Del Toro is a student of film, and it shows. As a director who specializes in blending fantasy, horror, and romance he has drawn from a rich library of cinematic tropes, archetypes, texts, and references for the story, most notably The Creature from the Black Lagoon, E.T.: The Extra-Terrestrial, and his own Pan’s Labyrinth. But the most useful lens to view the film is as a counter-fantasy to Disney’s The Little Mermaid, which was excoriated by feminists upon its release for glamorizing a boy-crazy girl who gives up her voice to land her “prince.” The Shape of Water, by contrast, depicts a voiceless woman who nevertheless finds a “voice” to bring liberation and love to others. Not surprisingly, the initial symbol of her liberation is an egg – a uniquely female object.
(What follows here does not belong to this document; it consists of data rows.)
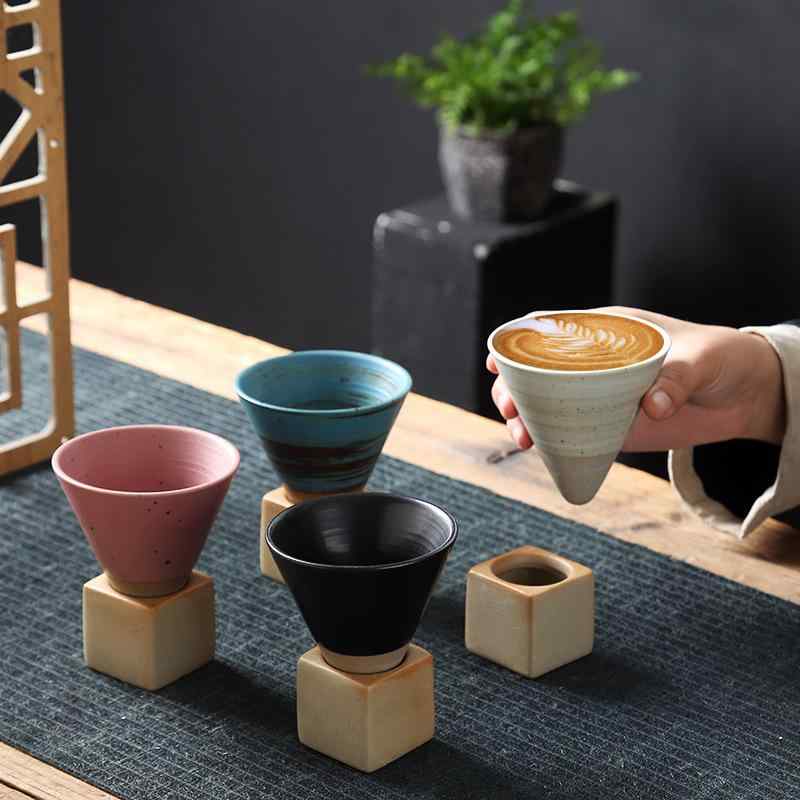 コーヒーカップ ティーカップ エスプレッソカップ 陶器 セラミック ソーサー付き スタンド付き レトロ ヴィンテージ風 アンティーク調 モダン おしゃれ 個性的 高見え 普段使い 来客用 ギフト プレゼント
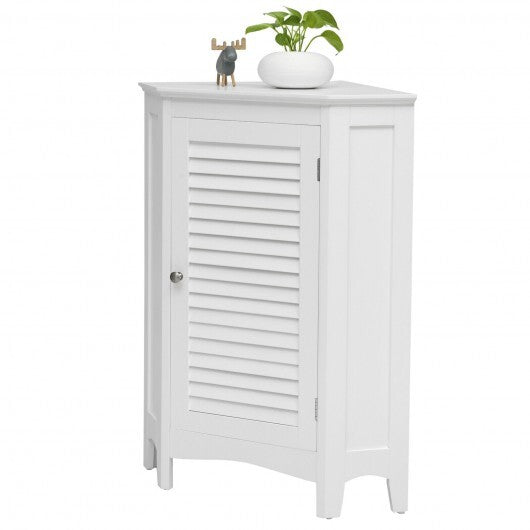 Corner Storage Cabinet Free Standing Bathroom Cabinet with Shutter Door LuxuryLifeWay Online Store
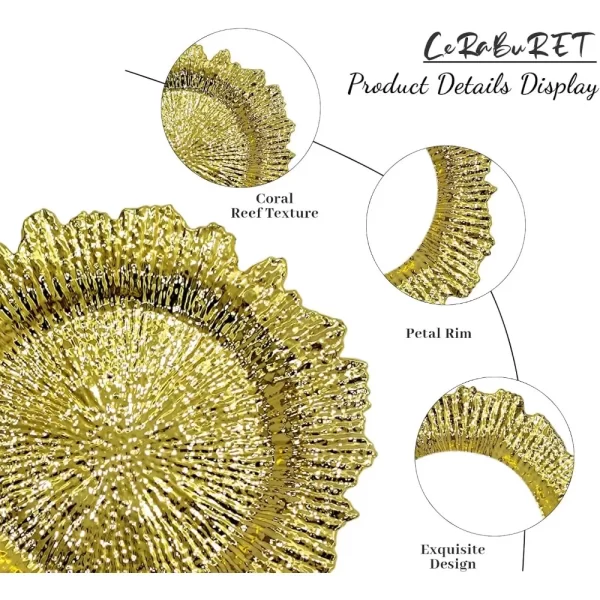 24 Pack Gold Charger Plates Round Plastic Reef Plate Chargers with Flora Reef Design Gold Chargers for Dinner Plates - Image 5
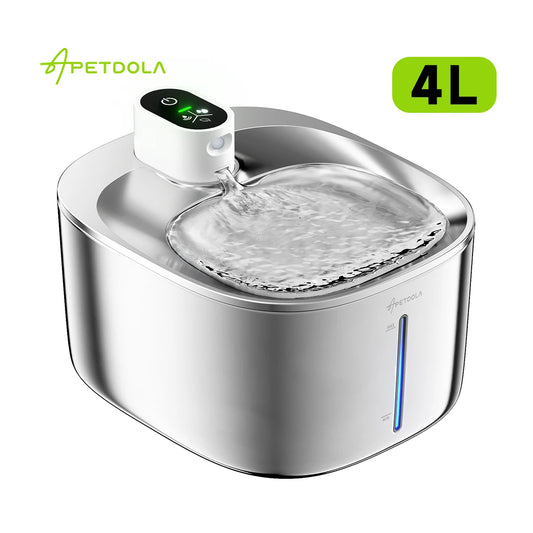 Fontana Elettrica Smart 4L per Gatti e Cani – Dispenser d’Acqua con Sensore, Silenziosa e Sicura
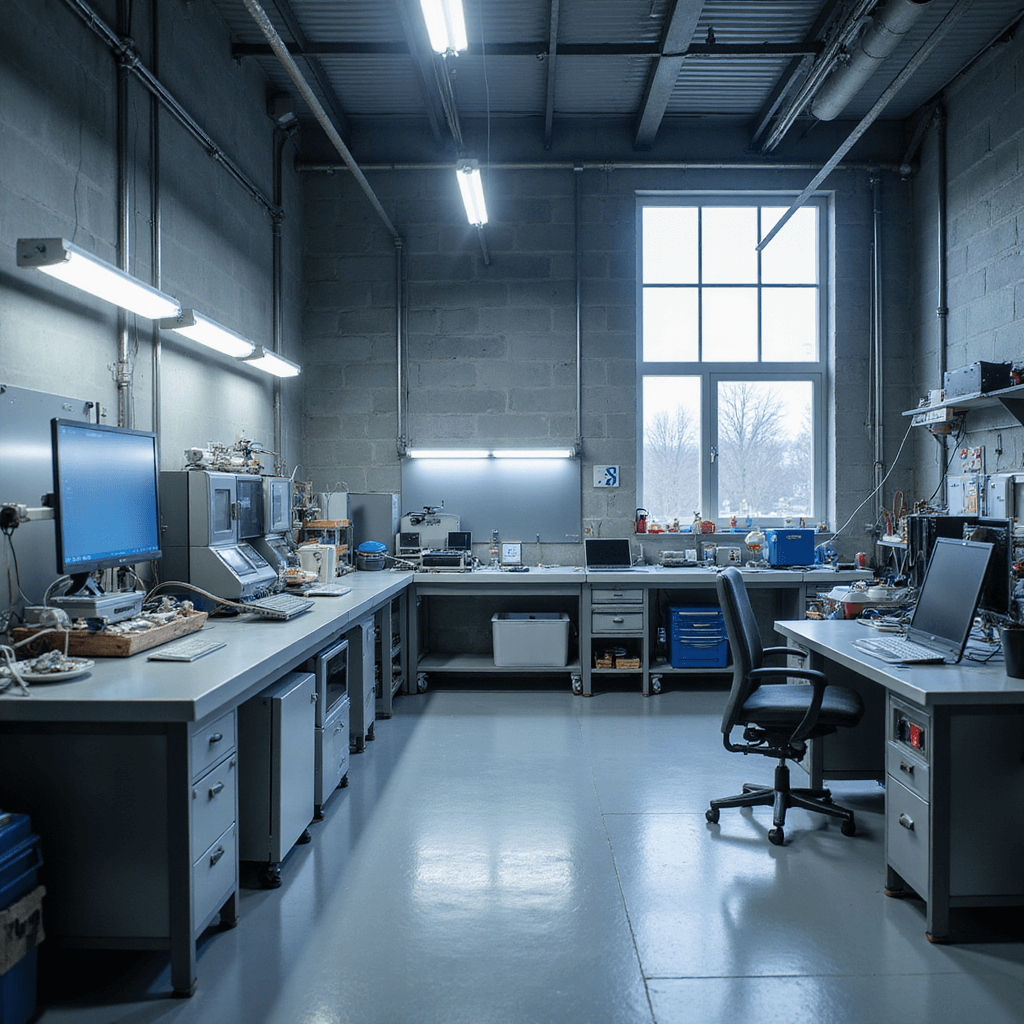 Moderne sleutelservice werkplaats met L-vormige werkbank van geborsteld staal, diagnostische apparatuur, precisie-snijmachines en wandkasten gevuld met sleutels. Close-up van high-tech programmeerstation met laptop en kabels, verlichte ruimte met koele witte LED-spots.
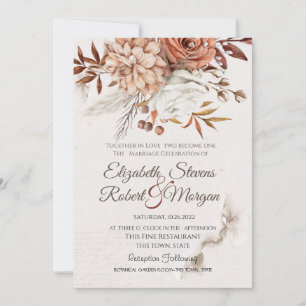 Autumn Flowers Wedding Invitation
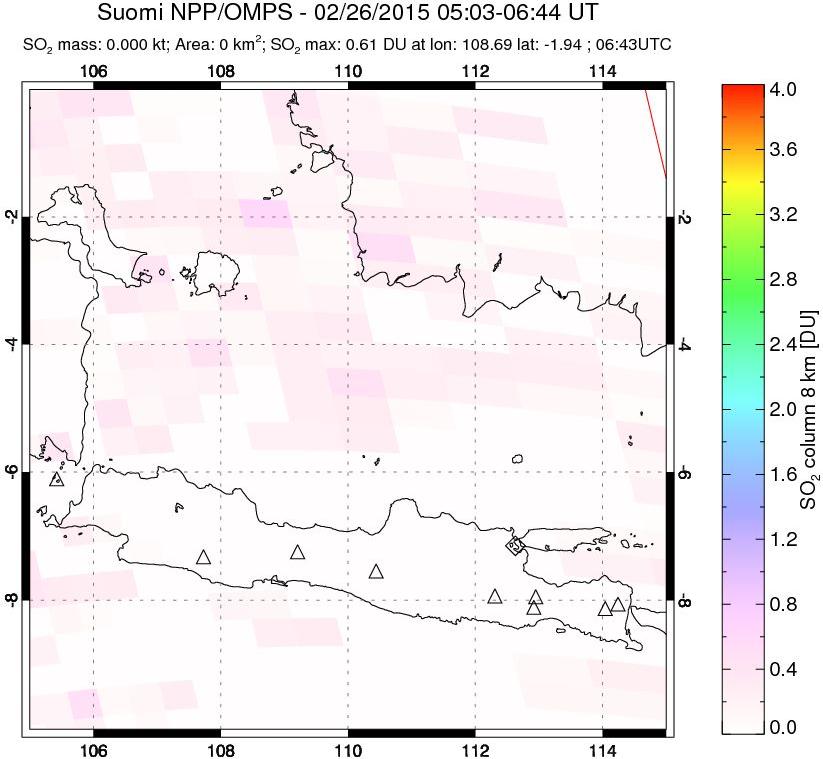 A sulfur dioxide image over Java, Indonesia on Feb 26, 2015.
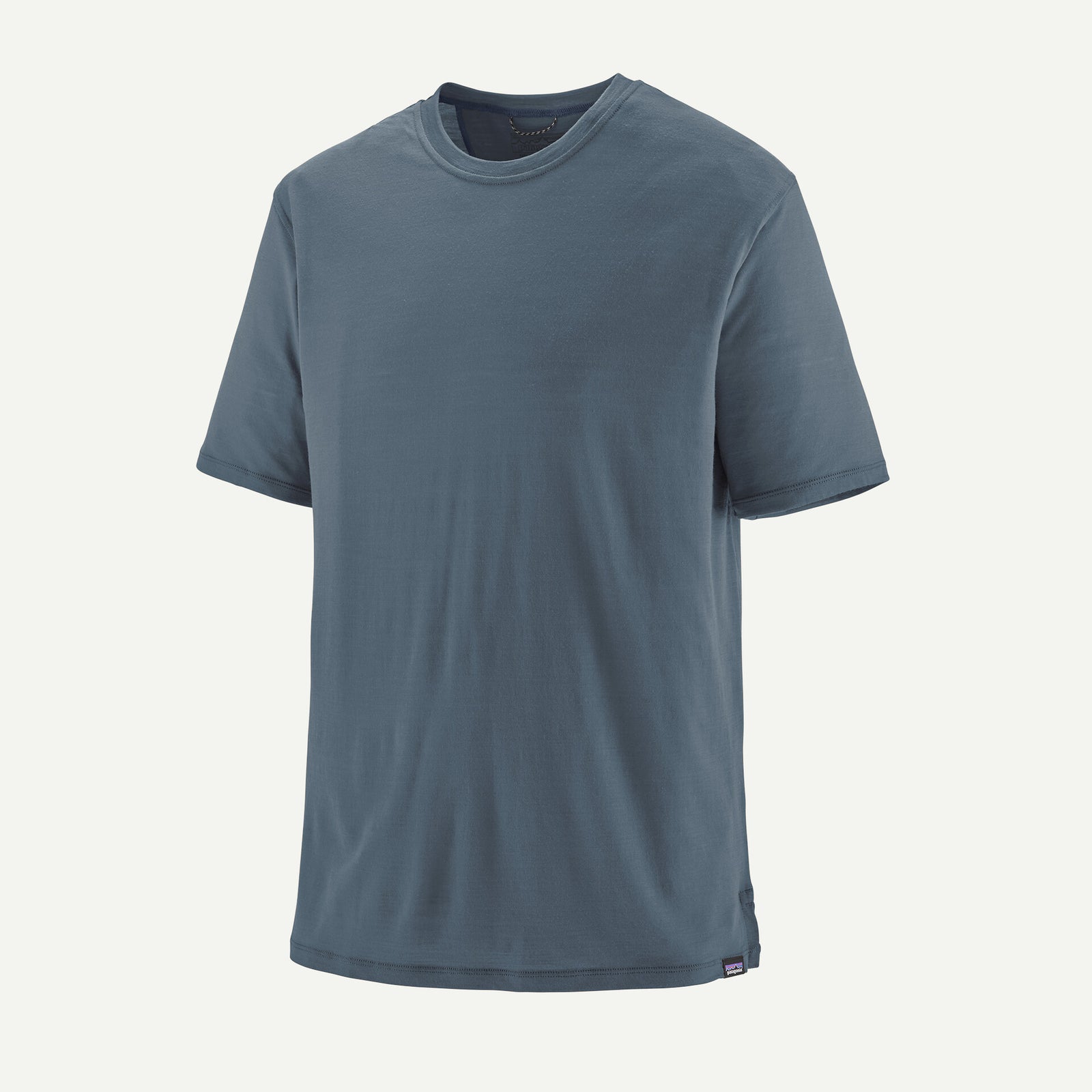 the patagonia mens capilene cool merino short sleeve shirt in the color utility blue, front view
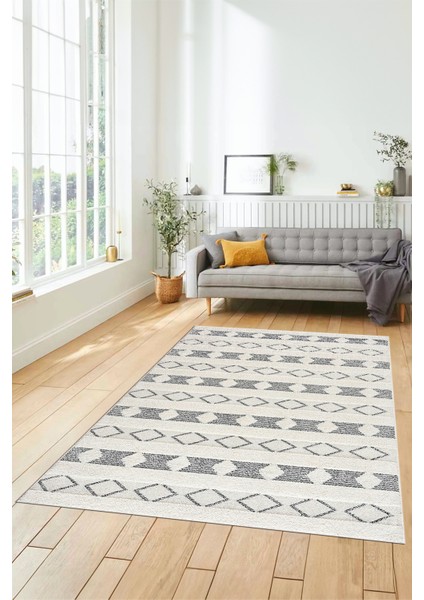Baskılı Kaymaz Yıkanabilir Kilim Desen Yolluk Mutfak Halısı Salon Halısı Modern-64-Krem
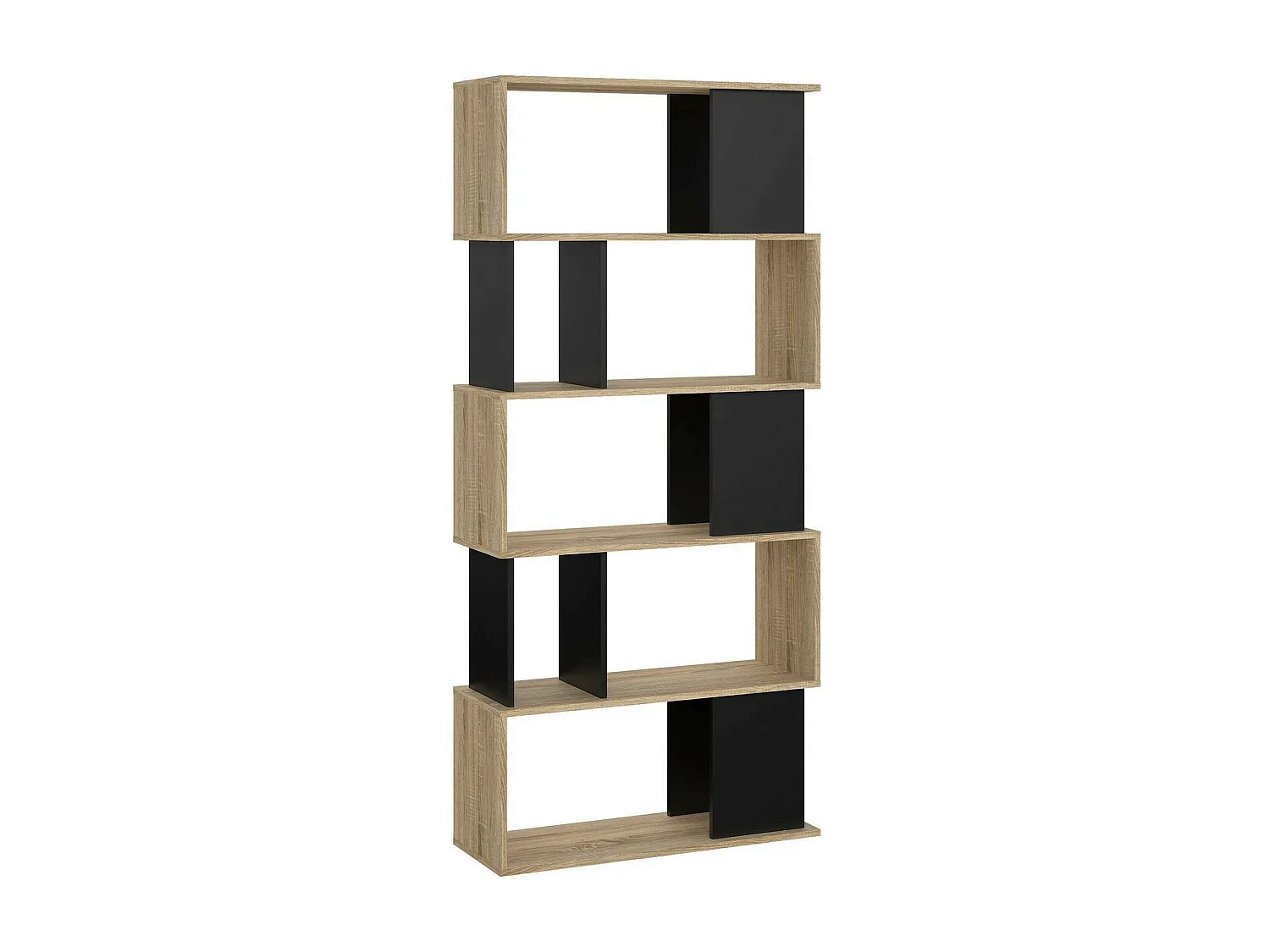 Bibliothèque Dscamacc, Etagère de bureau, Porte-livre mobile, Librairie, 80x29 h175 cm, Chêne et Noir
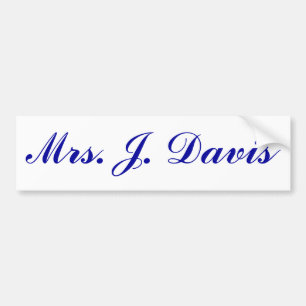 Adesivo Para Carro Sra. J. Davis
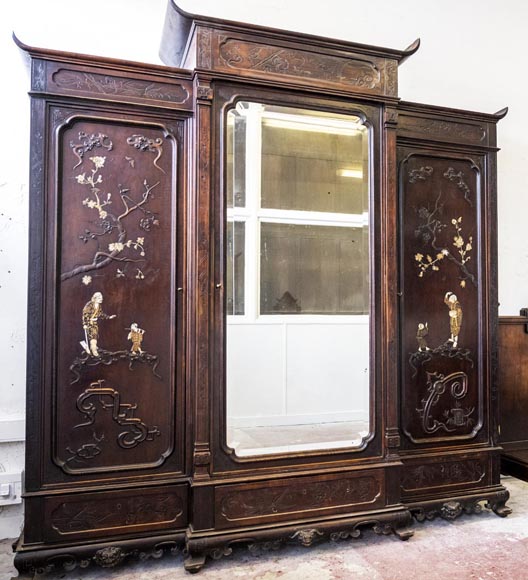 Gabriel VIARDOT, ensemble de mobilier japonisant pour chambre à coucher-11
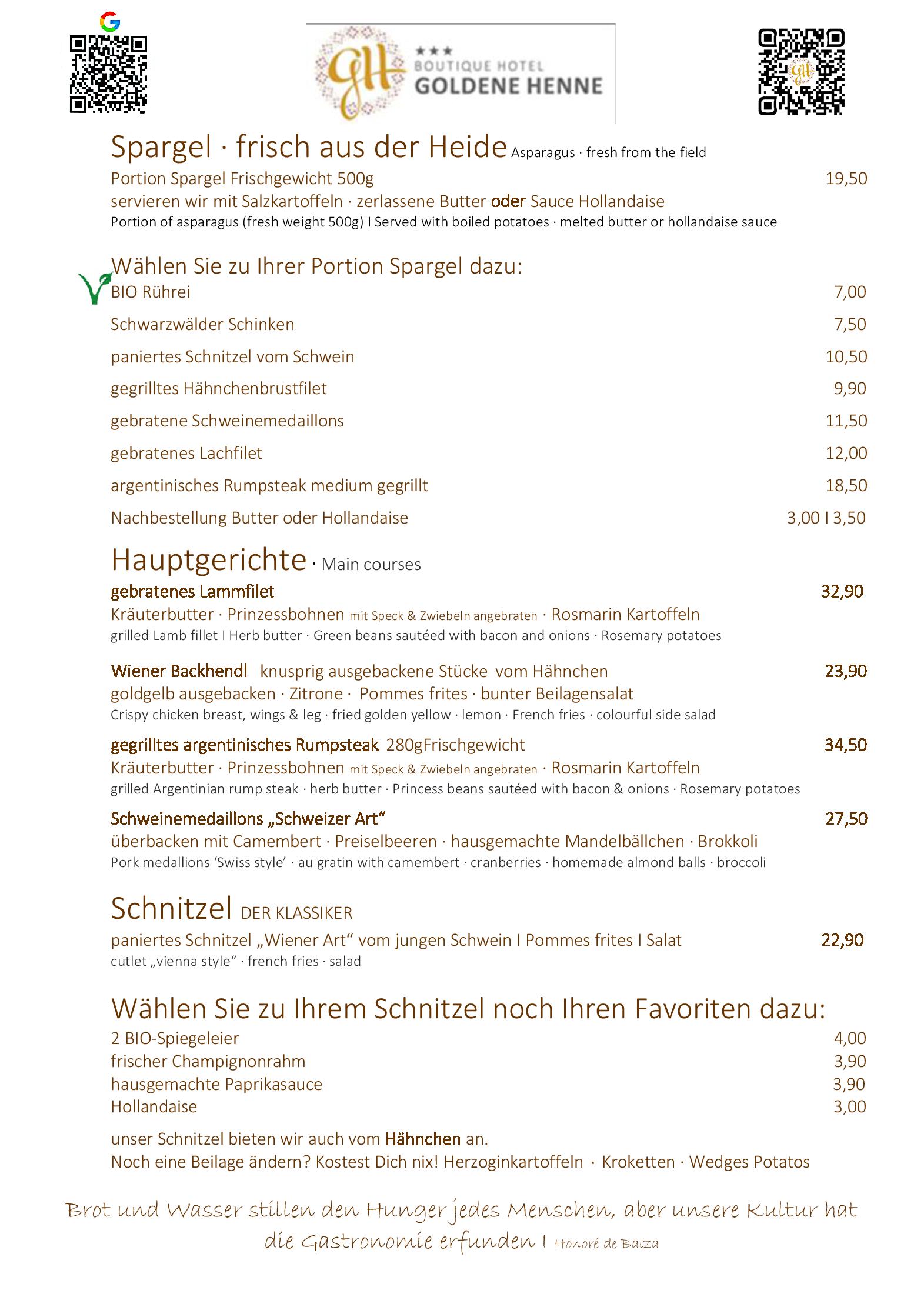 Speisekarte Boutique Hotel Goldene Henne in Wolfsburg, Seite 5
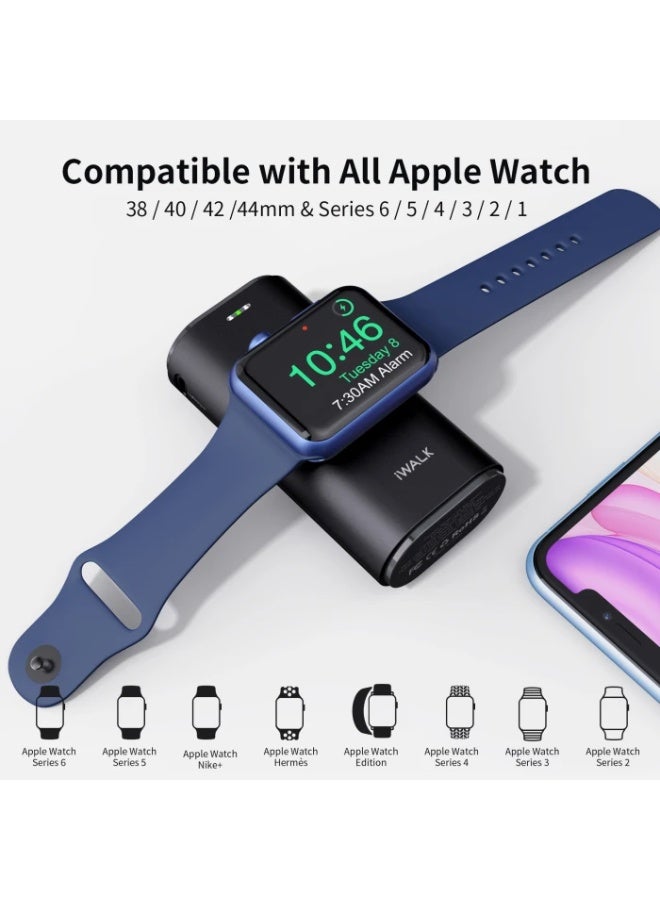 iWalk Portable Apple Watch Charger 9000mAh Power Bank - Built-in Lightning Cable for iPhone - Magnetic Wireless Travel Charger for Apple Watch Series 10/9/8/7/6/SE/Ultra - Dual Charging - White - Image 3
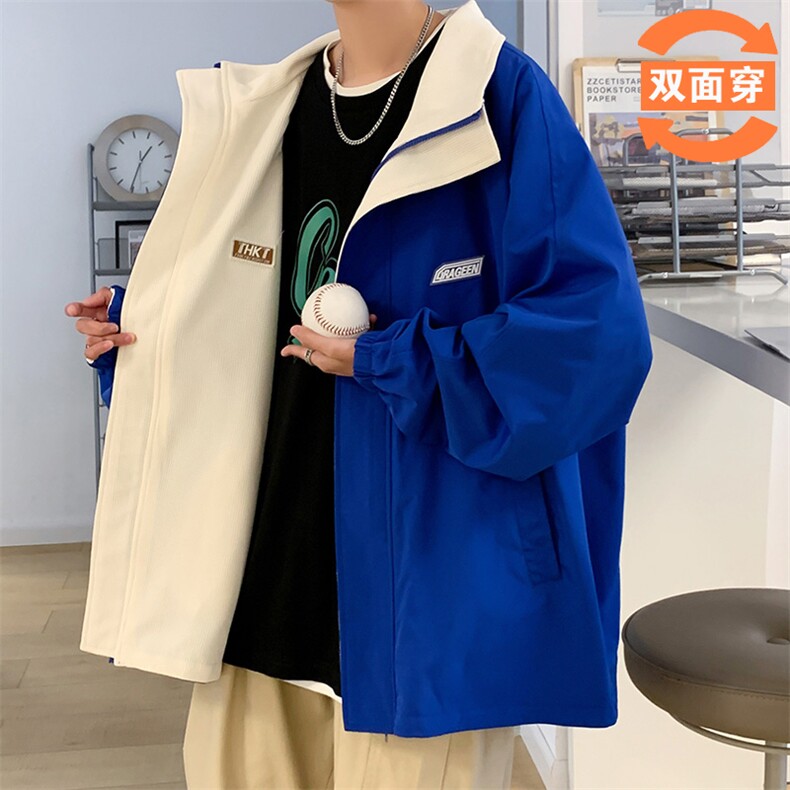 2025春节新款双面穿夹克男宽松休闲棒球服短款翻领外套JK6002-P78,男装夹克,星座207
Oddly, for a film literally saturated in water, the titular metaphor remains a mystery. Is it a metaphor of our origin and destiny (the film starts and ends underwater)? If so, I don’t quite see its relevance. It seems to exist more for effect than message. Even in the most ridiculous scene of the film, in which a good-sized bathroom is literally flooded to the ceiling (in a matter of minutes, with no structural consequences) the fantasy effect overwhelms both reason and meaning.

The mess of a story aside, the film is deserving of accolades for its technical brilliance. It is beautifully filmed, with a soundtrack and score (by Alexandre Desplat) that are wonderful. Some of the acting is exceptional, most notably Richard Jenkins as Giles, Elisa’s neighbor and friend; and Spencer. Hawkins is solid as Elisa, despite what she must endure in this ridiculous script.

Del Toro is a capable film-maker and will undoubtedly get his share of awards if for no other reason than he knows what buttons to push. As for me, all I could think after viewing the film was “WTF was that?!”

The Shape of Water is rated R for sex, nudity, gore, and violence. 2.0 stars out of 4 (2.5 stars out of 4 for film buffs).